[EXERCISE OBJECTIVE] Filter the records, keeping every line that has the string "which".

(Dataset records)
══════════════════════════════

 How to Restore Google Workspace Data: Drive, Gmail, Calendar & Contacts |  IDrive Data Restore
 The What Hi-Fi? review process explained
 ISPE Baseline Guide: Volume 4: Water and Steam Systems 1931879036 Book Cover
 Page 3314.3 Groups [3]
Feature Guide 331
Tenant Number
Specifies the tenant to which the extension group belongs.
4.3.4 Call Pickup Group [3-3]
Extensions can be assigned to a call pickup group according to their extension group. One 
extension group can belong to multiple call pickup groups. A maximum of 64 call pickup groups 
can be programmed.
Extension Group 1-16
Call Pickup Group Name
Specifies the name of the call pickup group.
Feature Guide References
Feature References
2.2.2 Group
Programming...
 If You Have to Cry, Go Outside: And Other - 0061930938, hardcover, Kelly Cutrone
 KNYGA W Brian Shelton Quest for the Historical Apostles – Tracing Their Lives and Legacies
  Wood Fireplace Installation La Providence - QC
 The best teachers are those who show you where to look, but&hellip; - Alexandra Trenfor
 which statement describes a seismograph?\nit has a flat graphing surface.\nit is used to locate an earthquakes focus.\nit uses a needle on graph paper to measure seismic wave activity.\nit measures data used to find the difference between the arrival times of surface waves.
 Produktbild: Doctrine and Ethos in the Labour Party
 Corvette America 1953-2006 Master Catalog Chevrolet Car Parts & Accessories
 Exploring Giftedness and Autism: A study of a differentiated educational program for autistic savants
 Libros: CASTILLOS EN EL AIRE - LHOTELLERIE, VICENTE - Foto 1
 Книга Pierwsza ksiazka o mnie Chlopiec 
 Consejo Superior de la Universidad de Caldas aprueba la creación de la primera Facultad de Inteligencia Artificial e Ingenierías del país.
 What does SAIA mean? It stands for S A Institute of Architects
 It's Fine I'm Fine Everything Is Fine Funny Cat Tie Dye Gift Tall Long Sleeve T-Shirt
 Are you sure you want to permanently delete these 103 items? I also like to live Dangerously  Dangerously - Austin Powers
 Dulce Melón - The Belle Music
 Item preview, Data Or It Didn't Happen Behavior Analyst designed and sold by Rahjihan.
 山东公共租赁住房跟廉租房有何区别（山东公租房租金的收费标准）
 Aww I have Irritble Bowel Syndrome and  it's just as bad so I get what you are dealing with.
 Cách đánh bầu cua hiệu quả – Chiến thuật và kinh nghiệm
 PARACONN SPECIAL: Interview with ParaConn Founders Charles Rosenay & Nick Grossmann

══════════════════════════════

[WRITTEN ANSWER]
Specifies the tenant to which the extension group belongs.
 which statement describes a seismograph?\nit has a flat graphing surface.\nit is used to locate an earthquakes focus.\nit uses a needle on graph paper to measure seismic wave activity.\nit measures data used to find the difference between the arrival times of surface waves.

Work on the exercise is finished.